> **Material for the task**:
=== Section Start ===

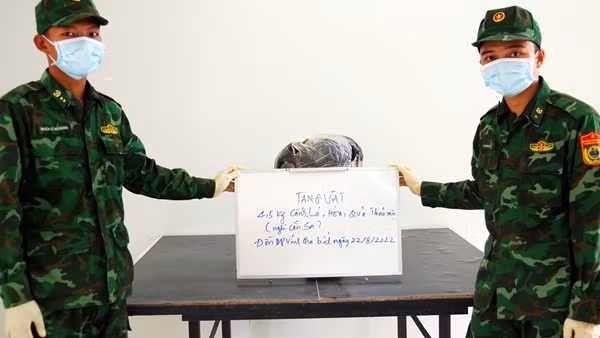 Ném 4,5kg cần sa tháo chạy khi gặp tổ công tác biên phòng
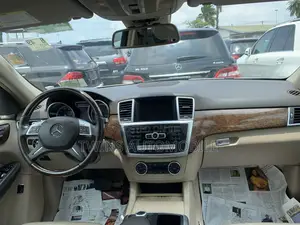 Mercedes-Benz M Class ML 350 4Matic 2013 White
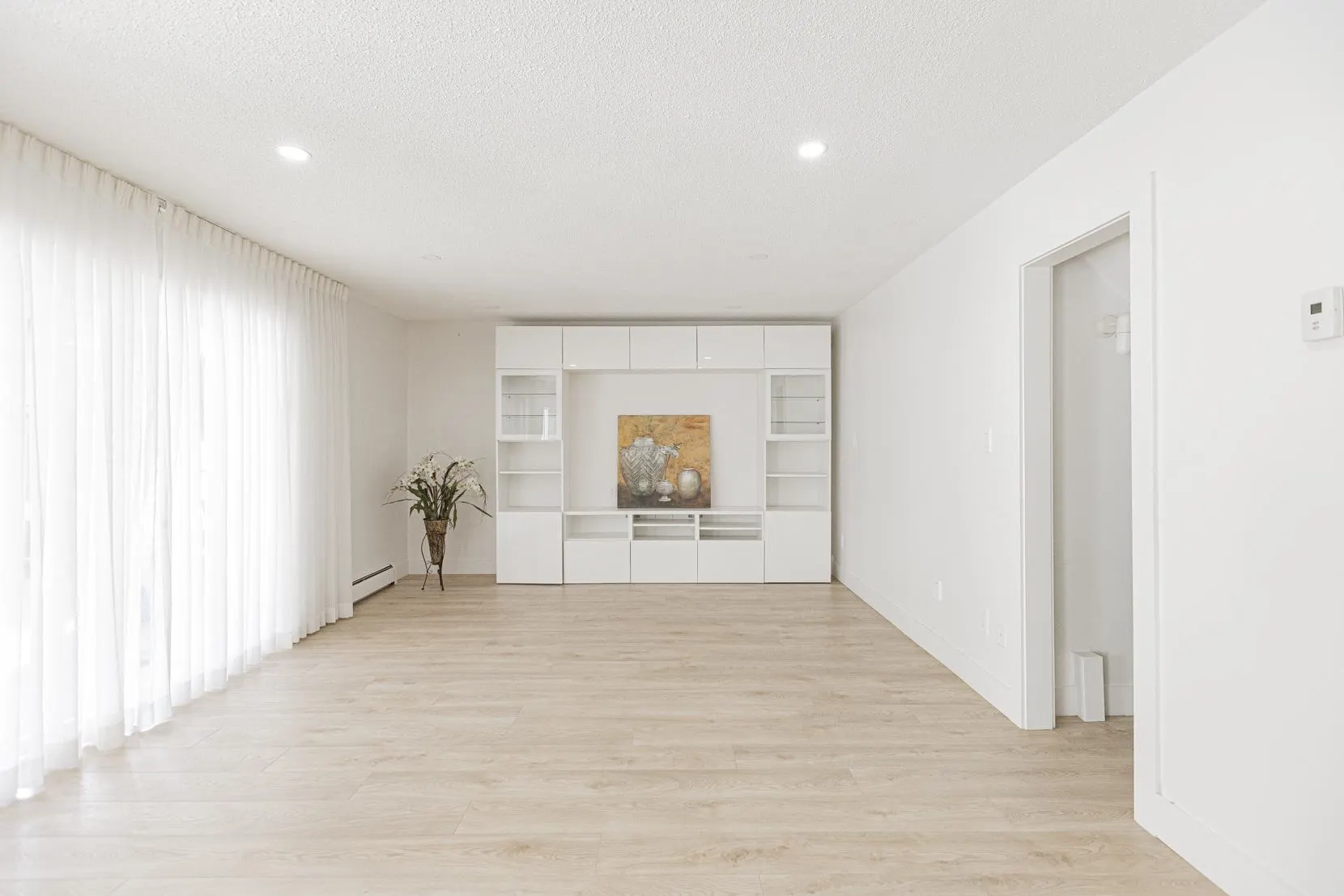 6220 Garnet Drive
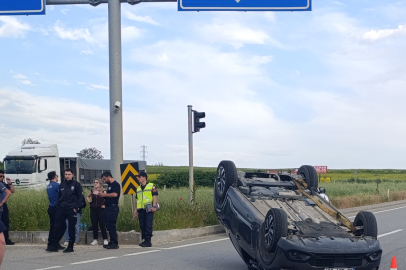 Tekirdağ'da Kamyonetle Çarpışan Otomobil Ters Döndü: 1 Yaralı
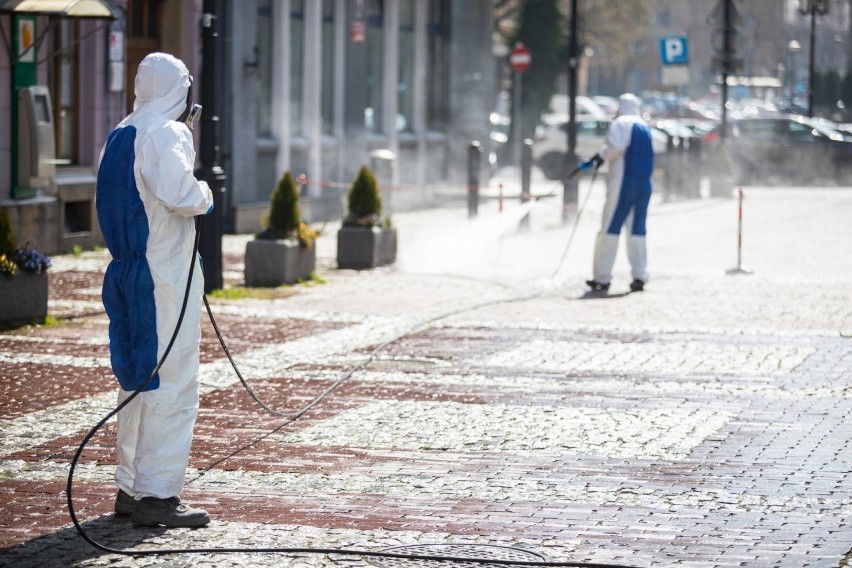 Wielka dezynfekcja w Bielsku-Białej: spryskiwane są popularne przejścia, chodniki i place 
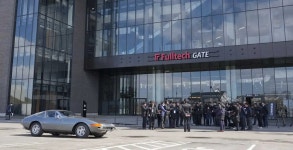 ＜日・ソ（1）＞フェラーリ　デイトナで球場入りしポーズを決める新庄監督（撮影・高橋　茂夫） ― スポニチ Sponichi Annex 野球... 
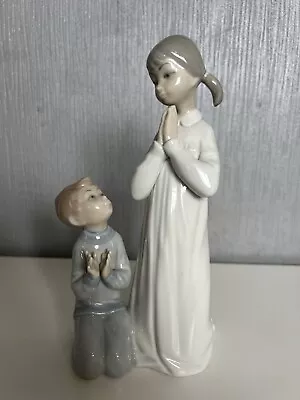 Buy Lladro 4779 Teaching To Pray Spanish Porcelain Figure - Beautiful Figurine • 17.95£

=== Section End ===
=== Section Start ===

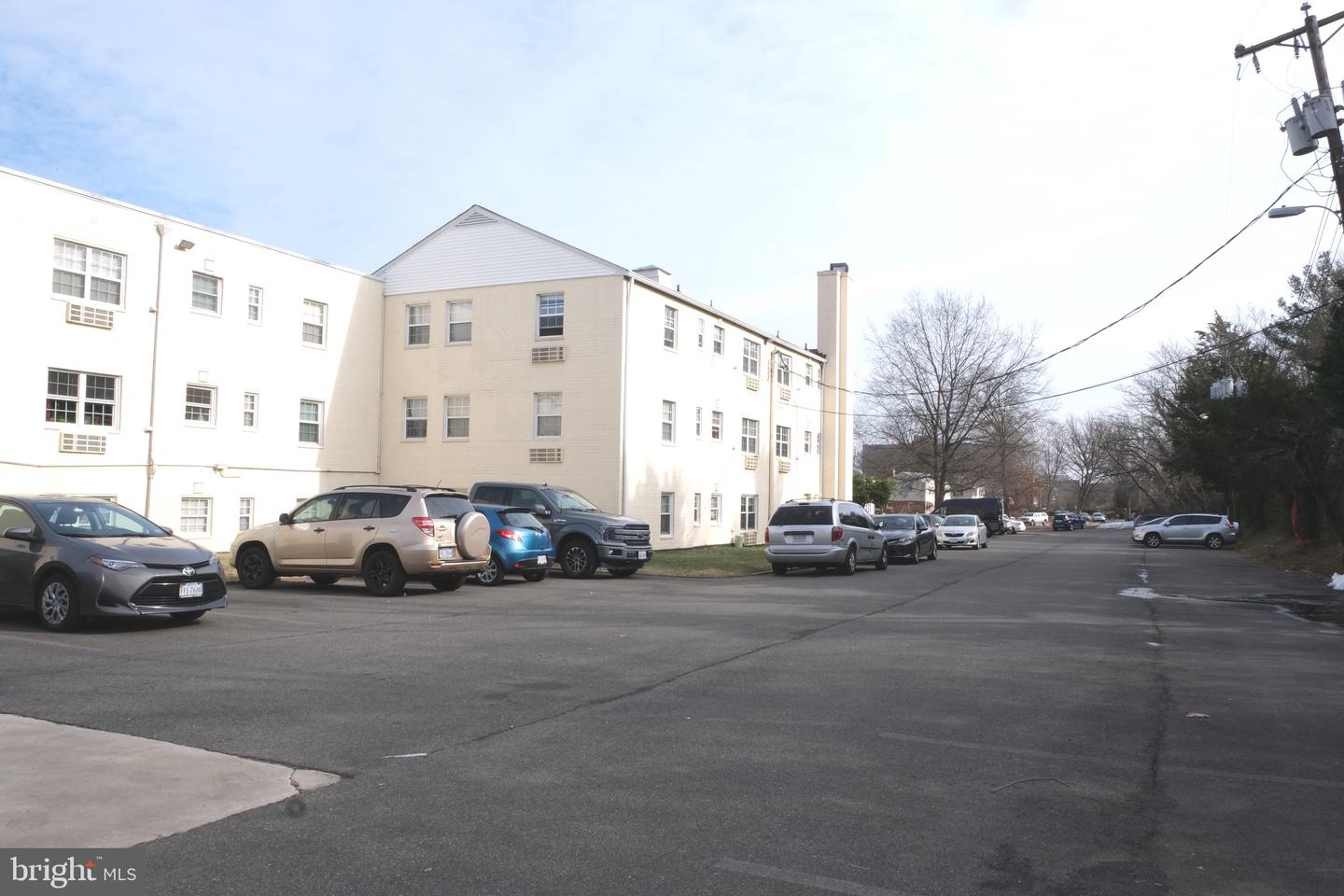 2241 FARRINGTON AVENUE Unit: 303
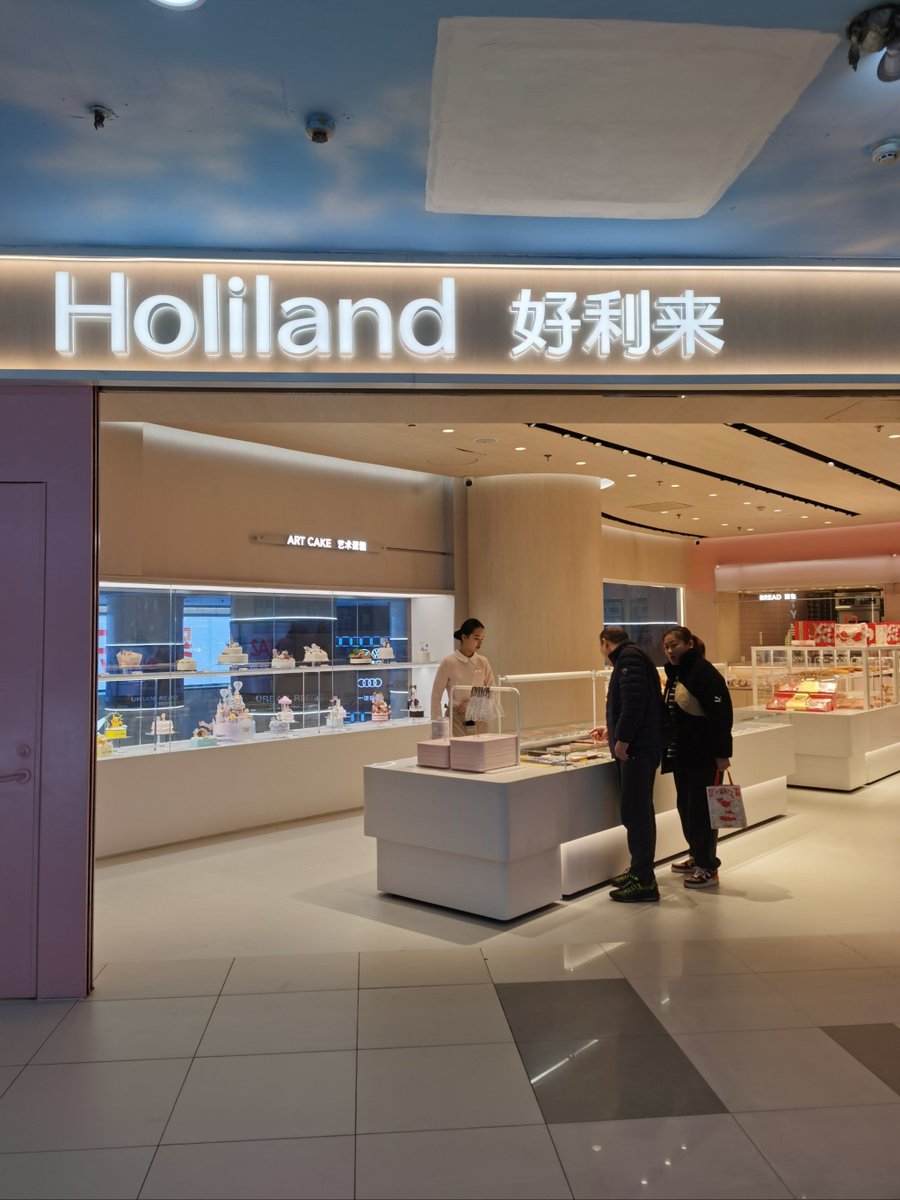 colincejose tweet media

=== Section End ===
=== Section Start ===

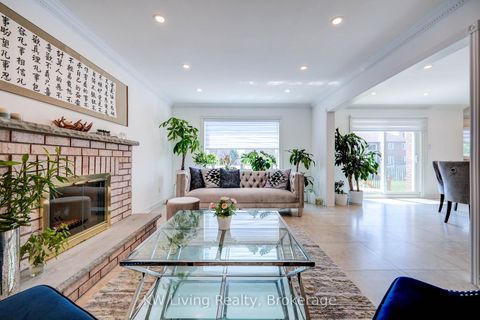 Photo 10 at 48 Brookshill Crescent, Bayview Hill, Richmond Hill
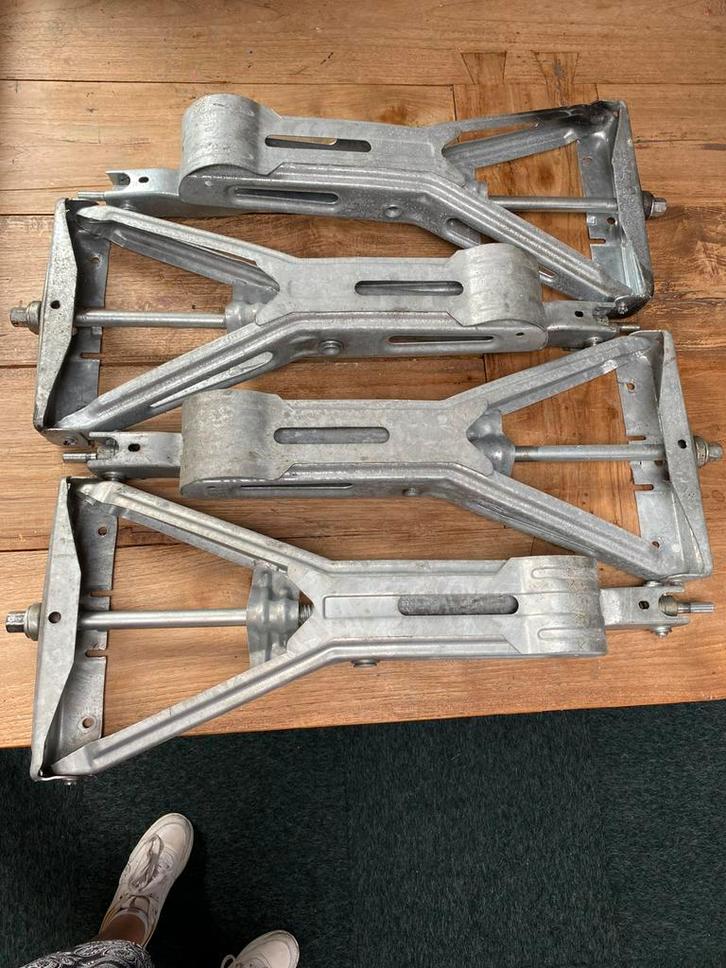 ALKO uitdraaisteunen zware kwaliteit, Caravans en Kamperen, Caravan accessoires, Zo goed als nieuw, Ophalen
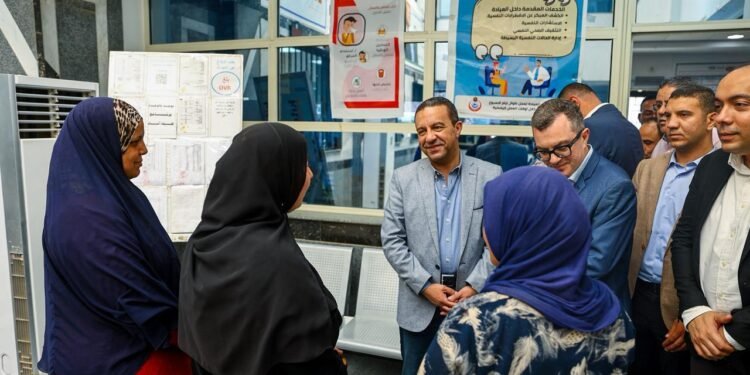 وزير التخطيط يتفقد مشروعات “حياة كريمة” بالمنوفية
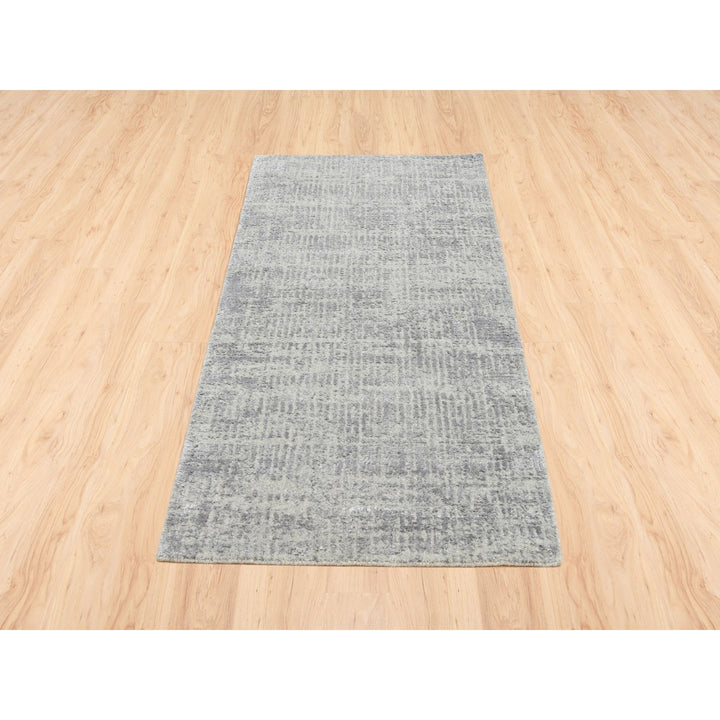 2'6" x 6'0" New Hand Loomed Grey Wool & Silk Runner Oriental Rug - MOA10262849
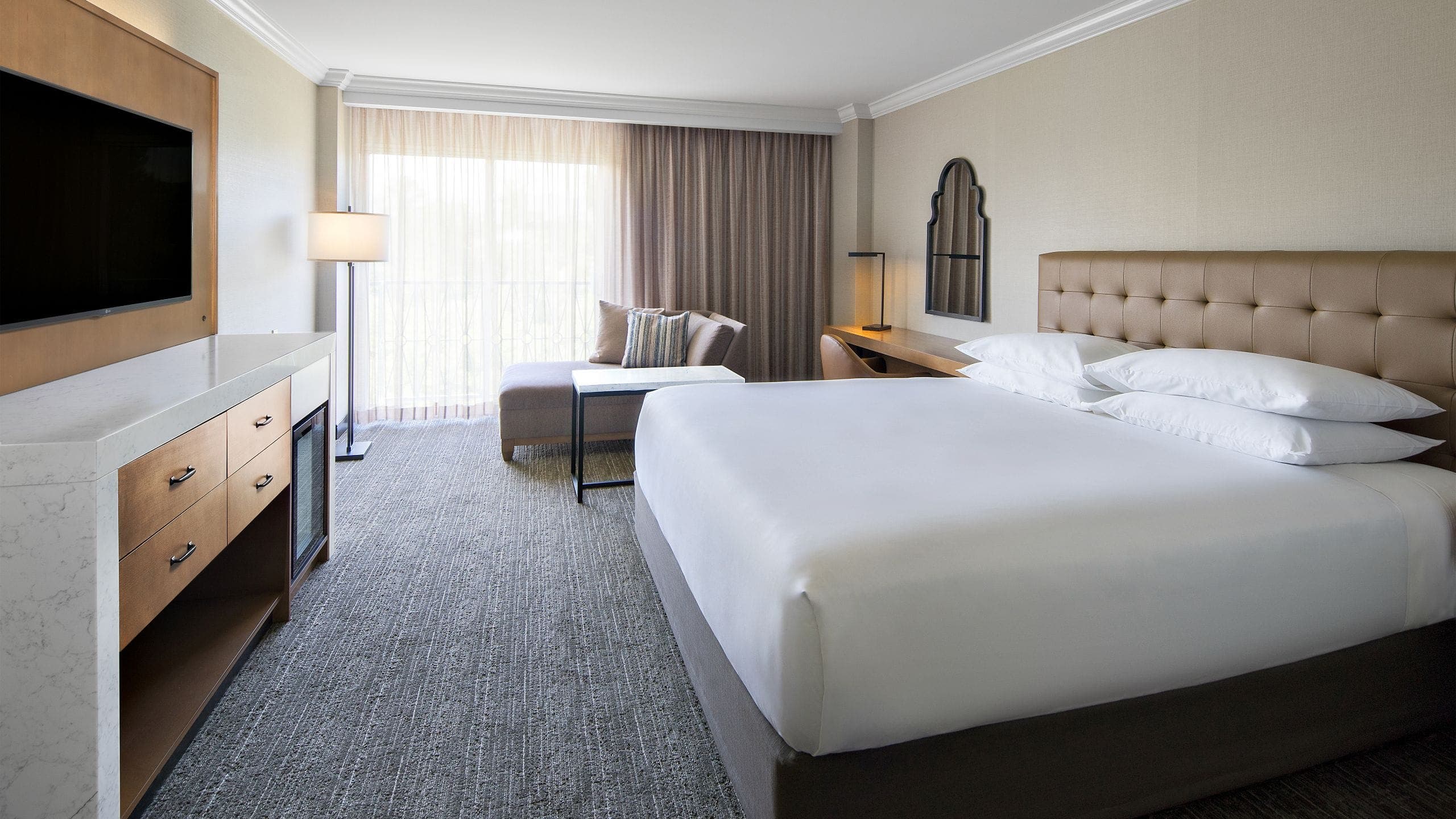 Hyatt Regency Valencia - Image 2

=== Section End ===

> **Your goal**:
Starting at the line above with "Wielka dezynfekcja w", output every line exactly up to and including the line with "Buy Lladro 4779", but none of the pictures.

> **Result**:
 Wielka dezynfekcja w Bielsku-Białej: spryskiwane są popularne przejścia, chodniki i place 
 ＜日・ソ（1）＞フェラーリ　デイトナで球場入りしポーズを決める新庄監督（撮影・高橋　茂夫） ― スポニチ Sponichi Annex 野球... 
 Buy Lladro 4779 Teaching To Pray Spanish Porcelain Figure - Beautiful Figurine • 17.95£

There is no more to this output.